While the school currently teaches students from grades one to ten, O’Brien plans on adding a junior high-school year in September of 2005 and a senior year in 2006. Readers concerned with the modern state of Catholic education may should stop by Wayside’s website and read John’s excellent reflection: Catholic Education: Principles of Recovery.

Fr. Scott McCaig from the Companions of the Cross is this year’s retreat master. His preaching on the Sacrament of Confession is legendary among Catholics and in Canada. He did not disappoint. Father spoke of personal prayer, Lectio Divina, and the need for regular confession within the context of St. Ignatius of Loyola’s spirituality. “To be effective in carrying out the Church’s apostolate,” Father states, “you must face your sins honestly in the confessional. God already knows your sins, but you must face them candidly and receive the grace of this sacrament, or both you and your apostolate will falter over time.” Sage advice from an experienced confessor.

John Pacheco and his family rented a nearby cottage. We have five girls between the two families, and other young couples brought the fruit of their marriage as well. So this is a wonderful opportunity for our wives to form lasting friendships as our children run along the beach and explore nature’s mysteries.

Earlier this evening, I enjoyed a glass of brandy with Luc Gagnon, no stranger to the Wanderer, and Jason Kenney. Jason is the thirty-five years old Member of Parliament from Calgary, Alberta. Since winning his first federal election over seven years’ ago, Jason has grown into the most reliable voice of social-conservatism in Canadian politics.

During the Clinton years, Jason became the subject of a strange Canadian sex scandal. The controversy began when the mainstream media reported Jason had previously sworn off pre-marital sex near the beginning of his political career . After his conversion to Catholicism, Jason would share that Pope John Paul II was his main inspiration to do so.

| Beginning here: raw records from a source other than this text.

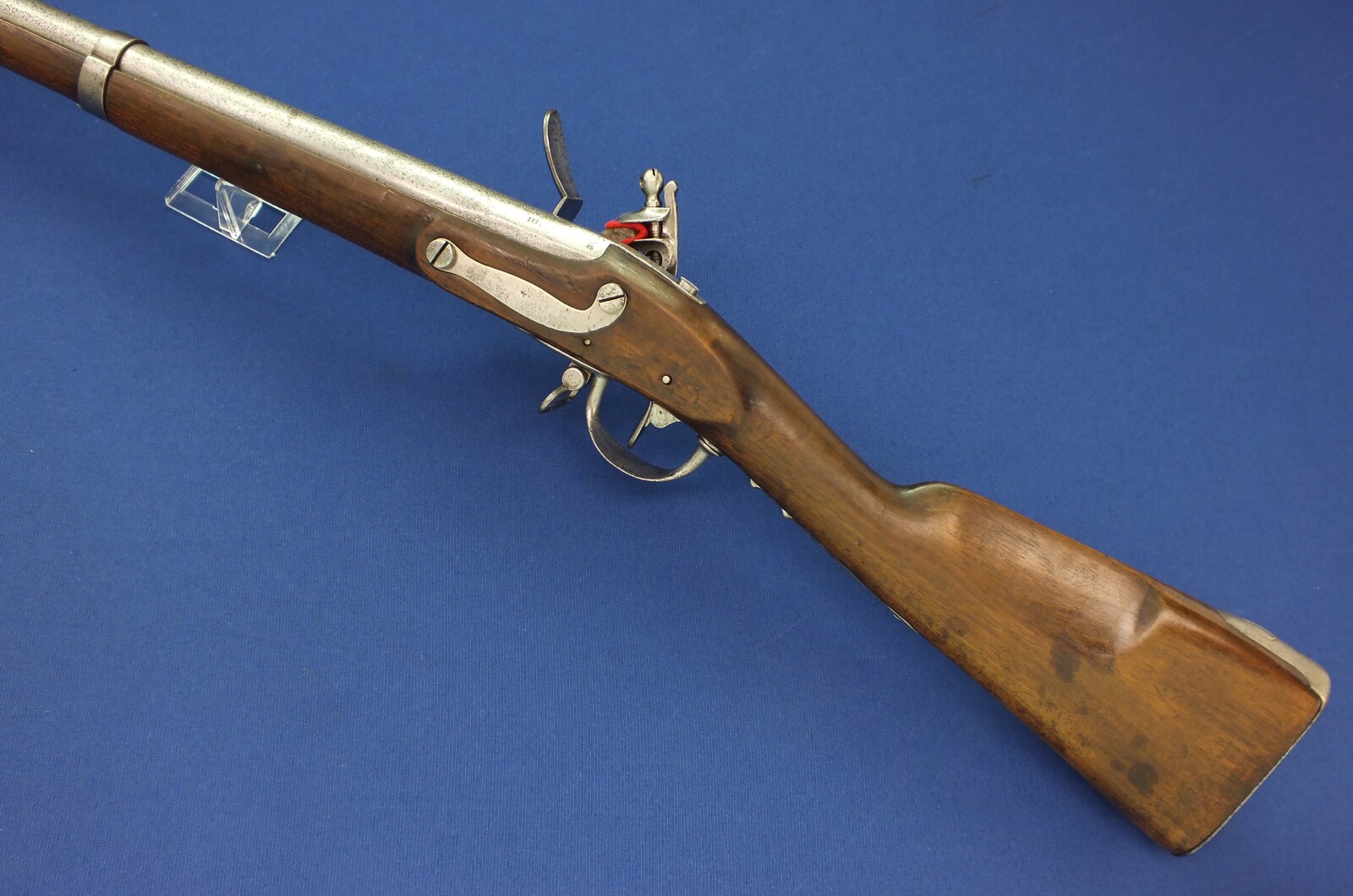 An antique Dutch Model 1815 Military Flintlock Musket No.1. Caliber 17,5mm. Length 150cm. In good/very good condition. Price 2.250 euro.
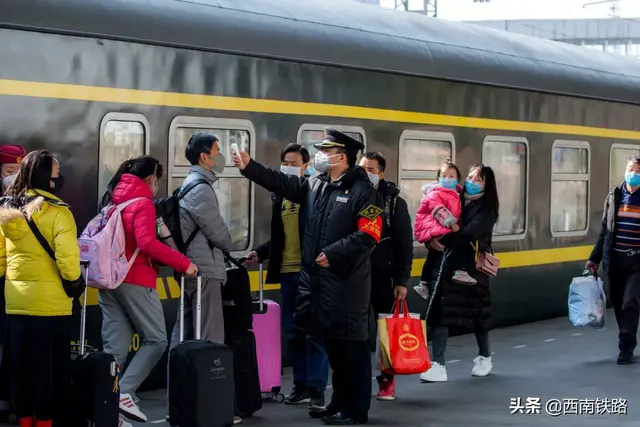 列车长顾雪峰:危难时刻,我不上谁上?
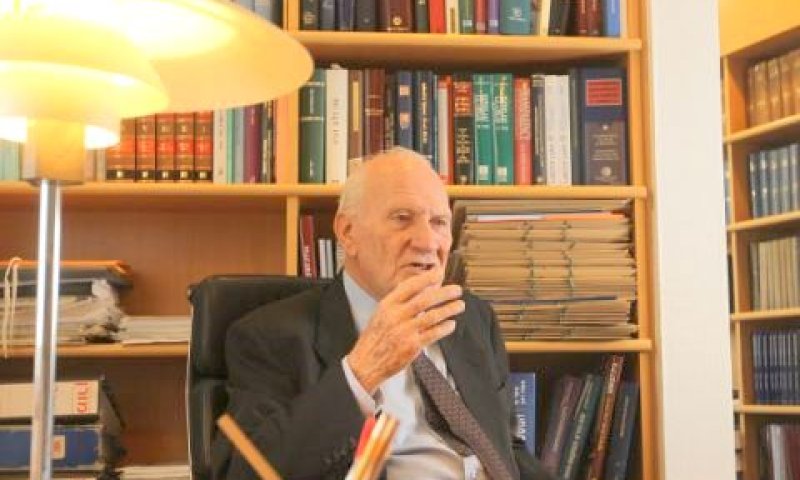 מאיר שמגר [צילום: פלאש 90]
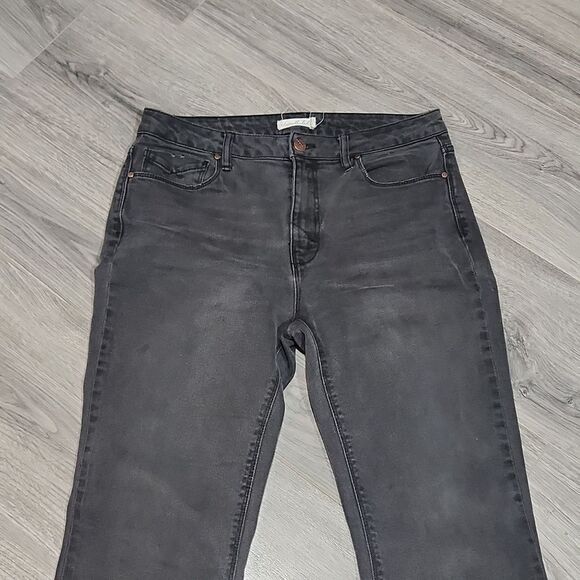 GUC Black Raw Hem Unpublished Flare Jeans - Picture 5 of 8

Nevertheless, Canada’s mainstream media found Kenney’s revelation more upsetting than that of the former US president. Given the nation’s permissive approach to sex education, how had the public school system failed Canada’s youngest and most promising politicians? Yet Jason survived this episode with his morals intact. He is living proof one can aspire to a political career in Canada without forfeiting one’s moral virtue–a lesson our “Catholic” prime minister likely finds disconcerting.

For my own part, I enjoyed this opportunity to reconnect with fellow orthodox Catholics in Canada and share in what G.K. Chesterton once dubbed “the fellowship of the pint, the pipe and the cross.” After a hectic move during the summer followed by a punishing schedule this past fall, I needed to rekindle my prayer life. It had become rather dry as I increasingly found myself simply going through the motions. Like any good physician of the soul, Fr. McCaig drew upon Holy Scripture and the wisdom of the saints to heal me from this latest bout of spiritual malaise.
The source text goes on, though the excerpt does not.